La politique de Giorgia Meloni repose sur un durcissement des règles à l’intérieur des frontières et sur une négociation avec les pays émetteurs de migrants. Une série de décrets-lois cible les ONG qui viennent au secours des clandestins en Méditerranée et le business des mafias de passeurs. Ces textes renforcent les peines pour les passeurs et les capitaines des bateaux, facilitent les refoulements, restreignent le droit de travailler. Les ONG concernées sont mieux encadrées : leurs bateaux ne peuvent pas procéder à plus d’un sauvetage à la fois. Les ports de débarquement accessibles ont été éloignés, ce qui allonge les délais de navigation des ONG et limite leurs opérations de sauvetage. Les amendes ont été alourdies et les sanctions vont même jusqu’à l’immobilisation des navires.
Les accords signés concernent les principaux pays de départ et de transit, au premier rang desquels la Libye, la Tunisie, l’Albanie, où des centres d’accueil et de tri sont prévus. Les demandes d’asile naguère traitées sur le sol italien ont commencé à l’être hors de l’Italie et du territoire de l’Union européenne. Les procédures de rapatriement des clandestins ont été assouplies et accélérées : plus de 9 000 migrants ont repris le chemin du retour en 2024, dont quelque 5 000 vers la Libye et 4 000 vers la Tunisie.
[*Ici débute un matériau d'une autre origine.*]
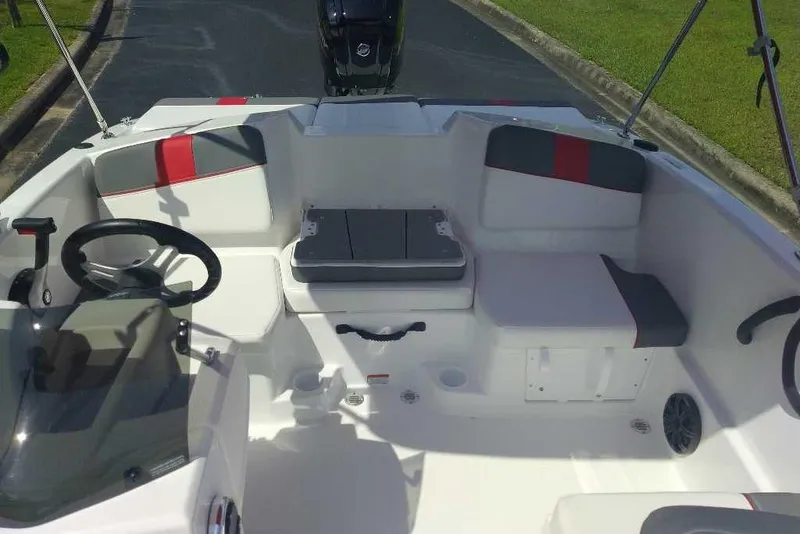 Slide: The Image of Interior of 2026 Tahoe T16 boat with modern seating and steering wheel. - 6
D’abord isolée, Mme Meloni a eu la satisfaction de voir la Commission de Bruxelles s’inspirer de sa « stratégie africaine », au grand dam de quelques associations facilitant les passages de clandestins. Son idée de « partenariat stratégique » avec l’Afrique est de lier sa politique de contrôle de l’immigration clandestine à un plan de développement des pays concernés, soutenu par une enveloppe de 4 milliards d’euros au cours des cinq à sept prochaines années. Sans repentance ni démagogie, Mme Meloni parle de « la responsabilité partagée » entre le Nord et le Sud.
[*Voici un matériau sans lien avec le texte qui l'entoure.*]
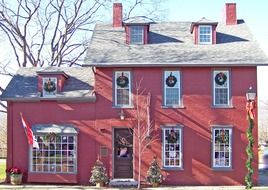 Picture of the red House in a village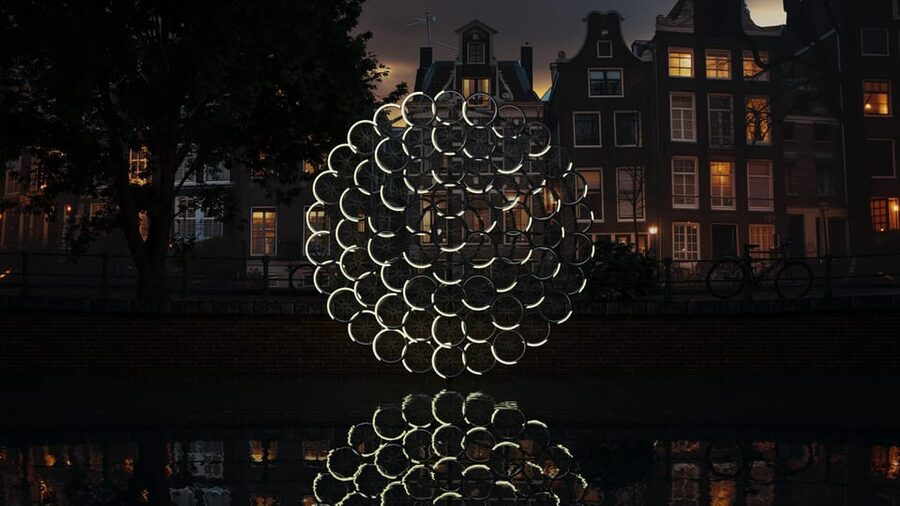 Amsterdam: Light Festival Boat Tour with Warm Drinks - Amsterdam’s canals become the gallery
La présidente de la Commission européenne, Ursula van der Leyen, a validé ces initiatives italiennes. L’UE et l’Égypte ont aussi passé un accord « donnant donnant » : Le Caire s’est engagé à renforcer le contrôle à ses frontières contre une aide de 7,4 milliards d’euros de prêts européens d’ici à 2027. D’autres accords équivalents ont été conclus avec la Tunisie. Ce partenariat nouveau a remobilisé les Tunisiens dans leur lutte contre l’immigration irrégulière : des intermédiaires et des trafiquants ont été emprisonnés, les migrants subsahariens sont mieux contrôlés et leurs démarches sont rendues plus difficiles. Cette répression porte ses premiers fruits.
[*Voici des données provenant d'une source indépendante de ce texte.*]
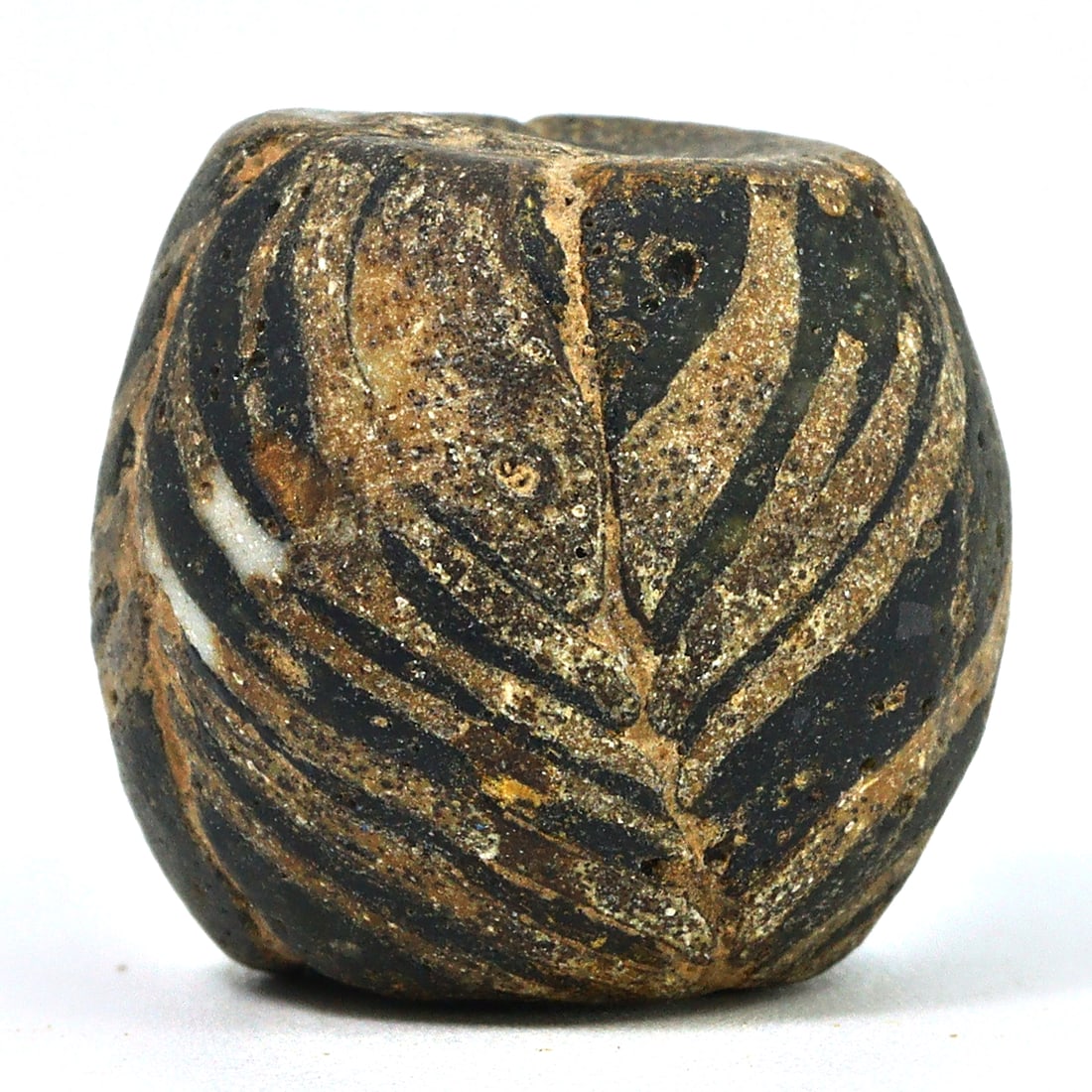 An Ancient Islamic Chevron Lining Glass Bead, Circa 9th-11th Century CE: This glass bead, featuring the distinctive chevron pattern, is indicative of Islamic art from the 9th to the 11th century CE. Chevron beads were crafted using a multi-layered glass technique, highly p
Efficaces pour l’Italie, ces mesures italiennes entraînent cependant des conséquences directes pour l’Espagne et la Grèce, qui subissent encore largement l’immigration clandestine. Les arrivées ont explosé sur leur sol : 155 % d’augmentation en Espagne (notamment aux îles Canaries), 222 % en Grèce ! L’allongement des routes navales accroît le nombre de morts en mer : on estime à 1 312 personnes, les migrants disparus en Méditerranée cette année, dont 1 023 au sud des côtes italiennes. Pour réduire les arrivées de clandestins en Europe et le nombre de victimes en mer, Giorgia Meloni rappelle à ses partenaires européens l’urgence d’une politique coordonnée, afin de tarir les flux en amont et de fermer les voies venant de Tunisie et de Libye.